PROBLEM DESCRIPTION:
Nothing other than the lines from the one containing "Riverdale Southside Serpents" through the close of the entries below should be printed, each exactly.

DATA TO EXAMINE:
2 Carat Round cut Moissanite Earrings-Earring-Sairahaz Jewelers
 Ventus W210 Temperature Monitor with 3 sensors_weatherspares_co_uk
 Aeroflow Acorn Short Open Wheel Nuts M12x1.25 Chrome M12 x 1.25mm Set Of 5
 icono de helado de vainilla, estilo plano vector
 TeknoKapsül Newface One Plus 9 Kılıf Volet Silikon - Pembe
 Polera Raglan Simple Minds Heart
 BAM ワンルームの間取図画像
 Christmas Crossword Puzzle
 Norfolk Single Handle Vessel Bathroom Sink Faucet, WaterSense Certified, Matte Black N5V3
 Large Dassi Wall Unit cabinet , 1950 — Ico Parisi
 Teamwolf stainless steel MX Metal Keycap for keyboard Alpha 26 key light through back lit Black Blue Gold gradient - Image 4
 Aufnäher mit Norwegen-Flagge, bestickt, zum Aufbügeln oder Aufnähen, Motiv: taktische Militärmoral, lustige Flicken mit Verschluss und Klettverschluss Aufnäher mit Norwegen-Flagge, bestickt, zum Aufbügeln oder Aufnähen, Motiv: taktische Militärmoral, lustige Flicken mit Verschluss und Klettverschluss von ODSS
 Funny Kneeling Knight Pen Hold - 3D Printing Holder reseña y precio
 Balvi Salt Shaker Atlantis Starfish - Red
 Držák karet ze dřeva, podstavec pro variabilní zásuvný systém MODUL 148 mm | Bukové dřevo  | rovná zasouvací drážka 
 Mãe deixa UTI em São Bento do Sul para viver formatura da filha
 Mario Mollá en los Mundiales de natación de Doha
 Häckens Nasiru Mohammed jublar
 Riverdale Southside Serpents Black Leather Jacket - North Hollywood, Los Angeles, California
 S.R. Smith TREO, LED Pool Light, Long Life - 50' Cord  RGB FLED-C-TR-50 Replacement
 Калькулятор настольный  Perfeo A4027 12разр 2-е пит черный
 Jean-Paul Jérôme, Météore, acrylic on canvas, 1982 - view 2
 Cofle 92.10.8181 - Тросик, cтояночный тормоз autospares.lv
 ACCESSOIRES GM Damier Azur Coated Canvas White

ANSWER BOX:
 Riverdale Southside Serpents Black Leather Jacket - North Hollywood, Los Angeles, California
 S.R. Smith TREO, LED Pool Light, Long Life - 50' Cord  RGB FLED-C-TR-50 Replacement
 Калькулятор настольный  Perfeo A4027 12разр 2-е пит черный
 Jean-Paul Jérôme, Météore, acrylic on canvas, 1982 - view 2
 Cofle 92.10.8181 - Тросик, cтояночный тормоз autospares.lv
 ACCESSOIRES GM Damier Azur Coated Canvas White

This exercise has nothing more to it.